_Information provided_.
------------------------------

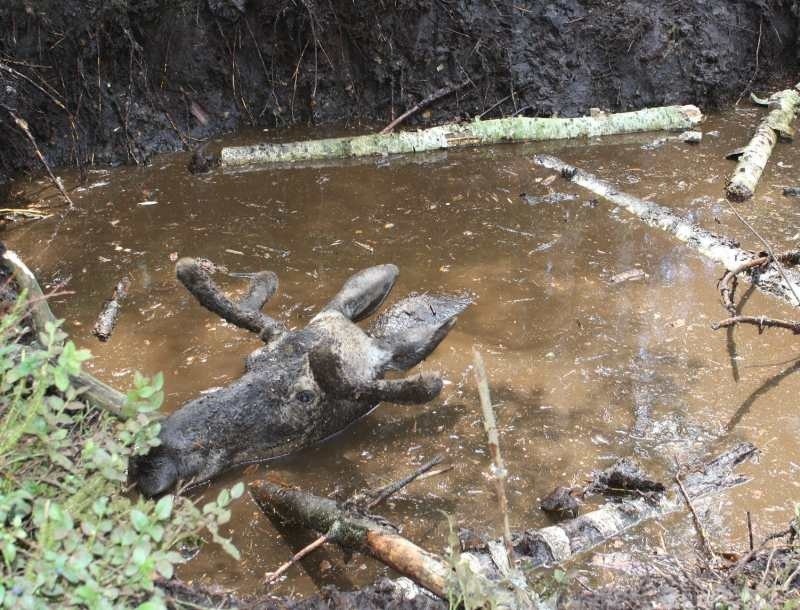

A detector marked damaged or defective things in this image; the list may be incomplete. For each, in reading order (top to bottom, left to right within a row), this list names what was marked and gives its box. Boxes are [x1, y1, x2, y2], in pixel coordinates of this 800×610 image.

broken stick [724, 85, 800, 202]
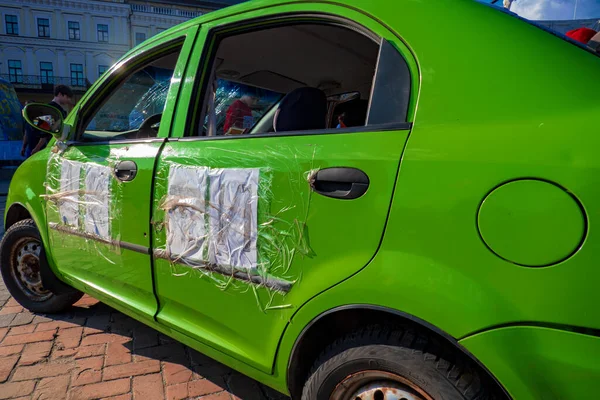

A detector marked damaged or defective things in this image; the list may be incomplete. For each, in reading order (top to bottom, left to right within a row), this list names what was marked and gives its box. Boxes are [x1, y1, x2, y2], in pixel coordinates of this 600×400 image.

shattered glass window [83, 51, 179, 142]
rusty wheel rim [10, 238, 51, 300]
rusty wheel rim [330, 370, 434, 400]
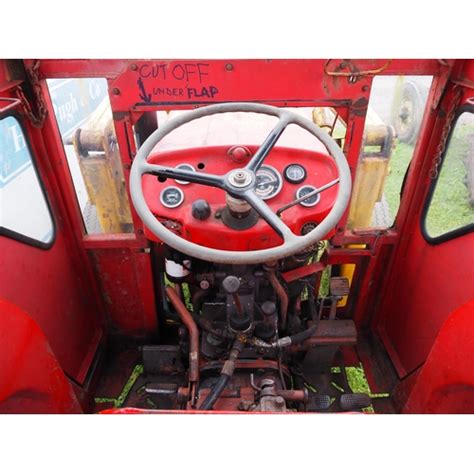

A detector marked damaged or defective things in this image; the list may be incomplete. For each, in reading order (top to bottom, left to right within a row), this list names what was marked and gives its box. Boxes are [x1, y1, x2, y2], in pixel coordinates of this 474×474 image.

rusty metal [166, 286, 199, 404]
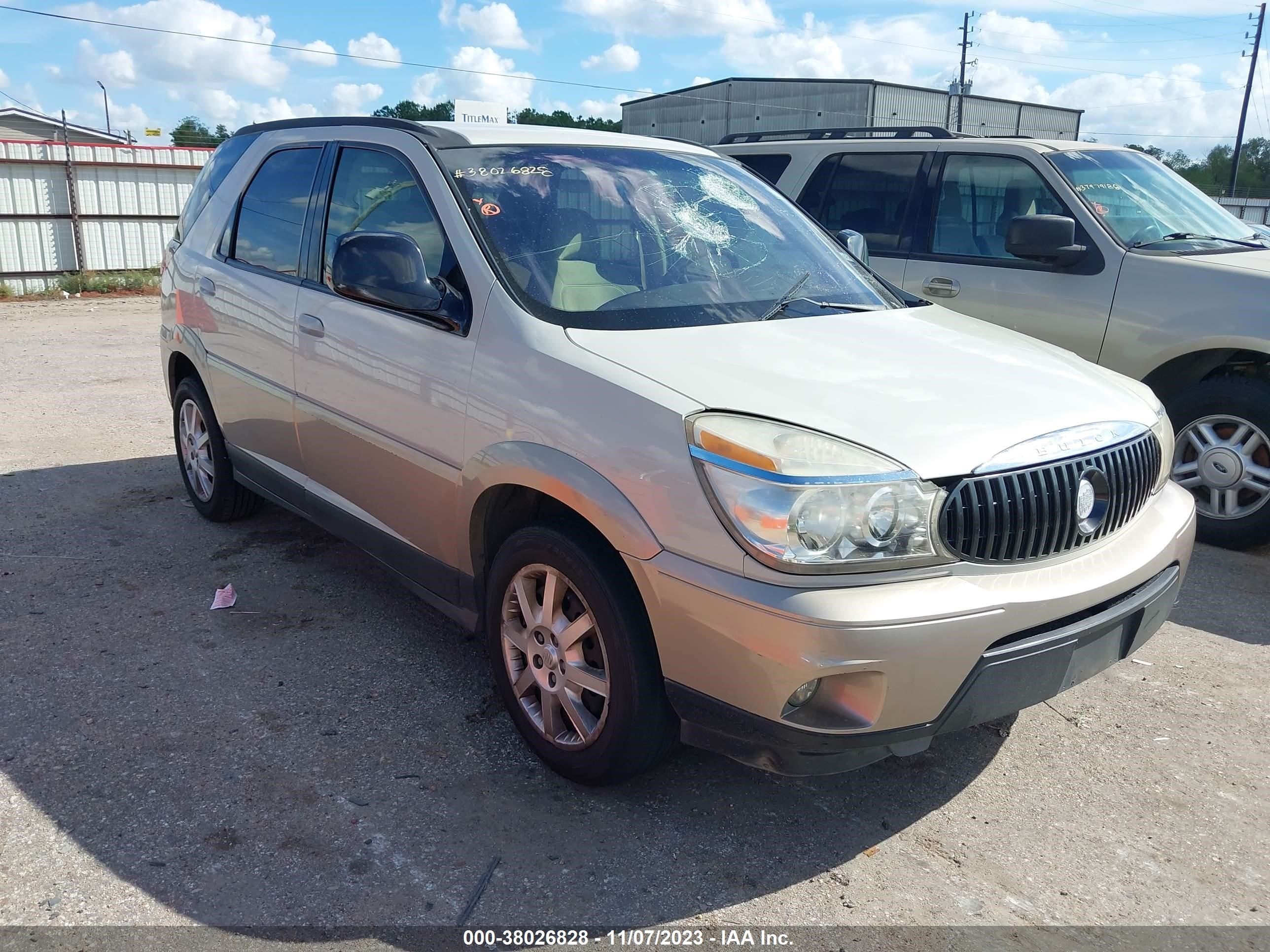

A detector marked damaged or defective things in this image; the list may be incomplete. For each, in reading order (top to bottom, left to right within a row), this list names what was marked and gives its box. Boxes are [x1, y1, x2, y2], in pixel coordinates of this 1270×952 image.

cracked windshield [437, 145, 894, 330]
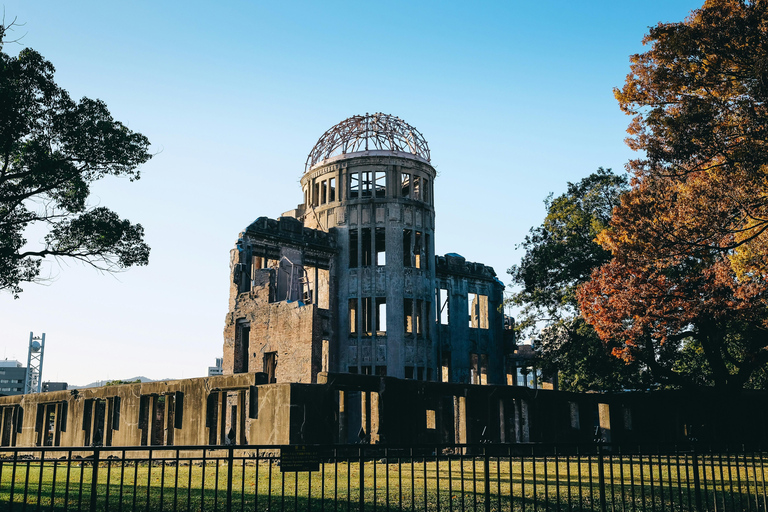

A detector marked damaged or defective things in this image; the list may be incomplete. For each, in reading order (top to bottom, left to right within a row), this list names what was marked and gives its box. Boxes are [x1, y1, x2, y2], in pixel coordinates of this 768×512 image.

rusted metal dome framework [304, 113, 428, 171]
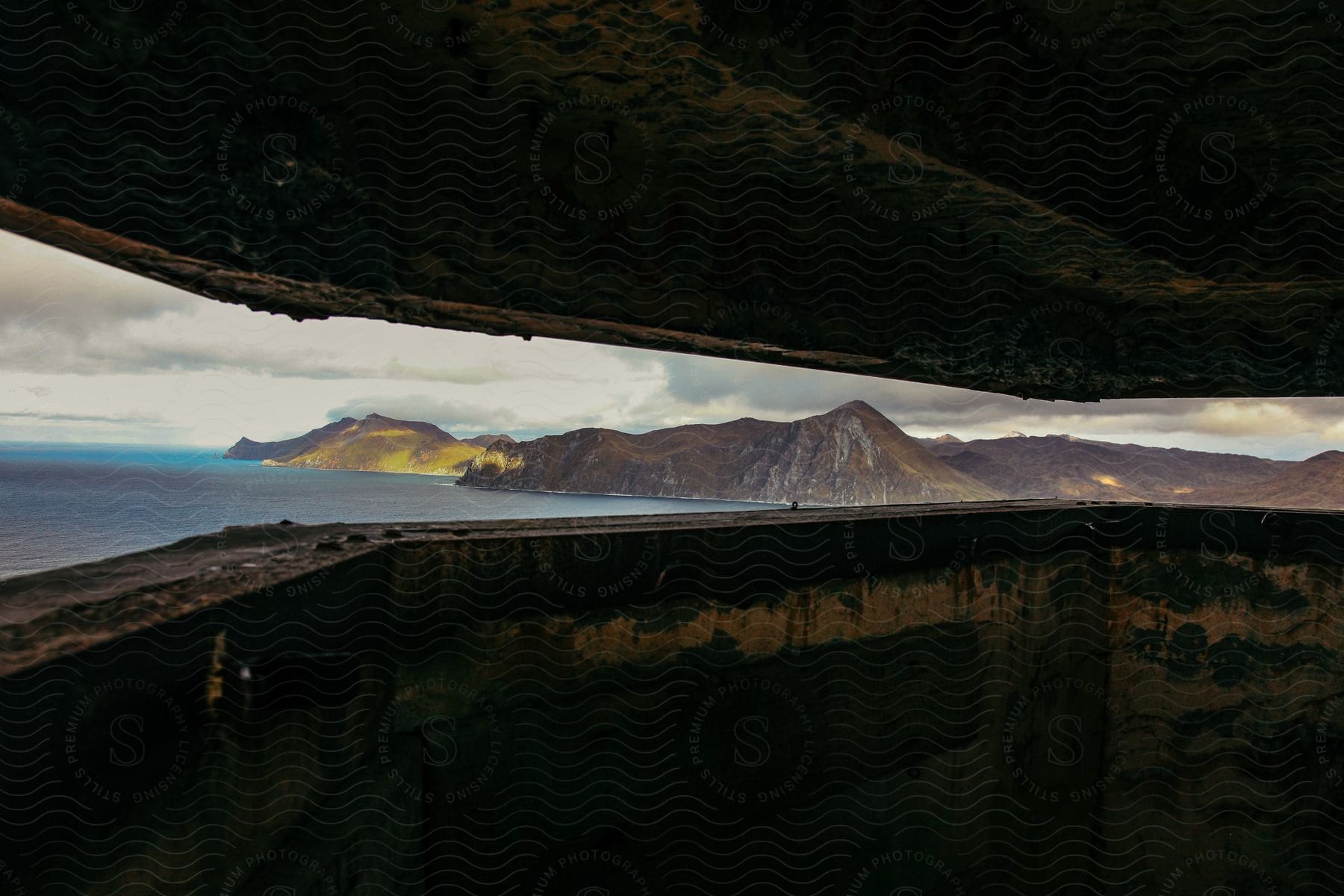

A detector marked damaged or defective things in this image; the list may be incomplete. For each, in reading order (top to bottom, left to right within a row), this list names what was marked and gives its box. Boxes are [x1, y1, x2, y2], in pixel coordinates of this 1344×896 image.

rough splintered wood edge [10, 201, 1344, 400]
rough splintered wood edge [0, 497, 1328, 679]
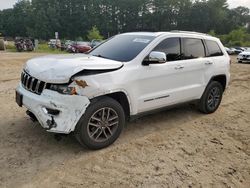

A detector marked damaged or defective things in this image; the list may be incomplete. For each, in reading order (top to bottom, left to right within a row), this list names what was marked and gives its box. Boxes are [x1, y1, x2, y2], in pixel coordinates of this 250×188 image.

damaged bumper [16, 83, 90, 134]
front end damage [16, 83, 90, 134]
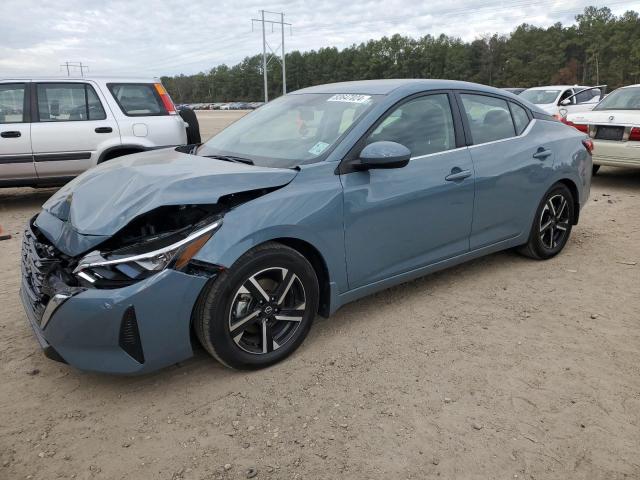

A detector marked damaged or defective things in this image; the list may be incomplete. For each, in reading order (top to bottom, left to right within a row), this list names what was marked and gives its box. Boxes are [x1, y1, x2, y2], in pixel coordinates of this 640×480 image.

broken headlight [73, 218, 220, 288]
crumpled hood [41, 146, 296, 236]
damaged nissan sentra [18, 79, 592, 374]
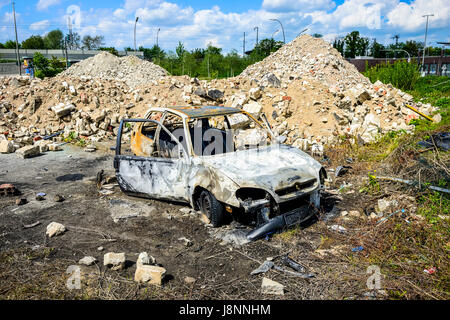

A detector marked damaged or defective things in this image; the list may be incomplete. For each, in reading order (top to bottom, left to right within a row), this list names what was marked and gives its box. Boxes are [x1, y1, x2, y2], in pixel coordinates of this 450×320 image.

------------------------------

_What the exercise asks_. Images are to be omitted; repeat the remaining data above exactly.

_Answer to the exercise_.
A detector marked damaged or defective things in this image; the list may be incomplete. For each, in reading order (top to bottom, left to right within a row), this list names what was marked and gives its box. Boxes are [x1, y1, x2, y2], in pixel coordinates of this 800×610 image.

broken stick [724, 85, 800, 202]

A detector marked damaged or defective things in this image; the list may be incomplete. For each, in reading order (top to bottom, left to right within a row), this list names what was marked and gives its box. Boxes are [x1, y1, x2, y2], in pixel coordinates of this 600×400 image.

shattered glass window [83, 51, 179, 142]
rusty wheel rim [10, 238, 51, 300]
rusty wheel rim [330, 370, 434, 400]

A detector marked damaged or defective things in this image; the list may be incomplete. For each, in reading order (top to bottom, left to right within a row), this list names what was marked and gives its box. Boxes are [x1, y1, x2, y2], in pixel coordinates of this 474×474 image.

rusty metal [166, 286, 199, 404]

A detector marked damaged or defective things in this image; the list may be incomplete. For each, in reading order (top to bottom, left to right within a row), this list names what was marked and gives its box. Boxes are [x1, y1, x2, y2], in pixel coordinates of this 1270×952 image.

cracked windshield [437, 145, 894, 330]

A detector marked damaged or defective things in this image; the list may be incomplete. For each, in reading order (top to bottom, left to right within a row), this list names what was marked and gives its box. Boxes are [x1, y1, x2, y2], in pixel coordinates of this 768×512 image.

rusted metal dome framework [304, 113, 428, 171]

A detector marked damaged or defective things in this image; the list may be incomplete. For each, in reading order (top to bottom, left to right within a row), this list names what was marked and gives its box. Boxes are [x1, y1, x2, y2], in pixel coordinates of this 1344×896 image.

rough splintered wood edge [10, 201, 1344, 400]
rough splintered wood edge [0, 497, 1328, 679]

A detector marked damaged or defective things in this image; the list may be incomplete. For each, in reading order (top to bottom, left to right within a row), this list names what was marked and gives its box. Boxes are [x1, y1, x2, y2], in pixel coordinates of this 250×188 image.

damaged bumper [16, 83, 90, 134]
front end damage [16, 83, 90, 134]

A detector marked damaged or defective things in this image; the list may be incomplete. For each, in reading order (top to bottom, left to right within a row), this list names what was marked and gives its box. Boxes are [x1, y1, x2, y2], in pixel coordinates of this 640×480 image.

broken headlight [73, 218, 220, 288]
crumpled hood [41, 146, 296, 236]
damaged nissan sentra [18, 79, 592, 374]

A detector marked damaged or defective things in this image; the list may be incomplete. For each, in reading order (top to bottom, left to right within a row), this list names what was marked and gives its box. Boxes are [x1, y1, x2, y2], in pixel coordinates of this 450×320 image.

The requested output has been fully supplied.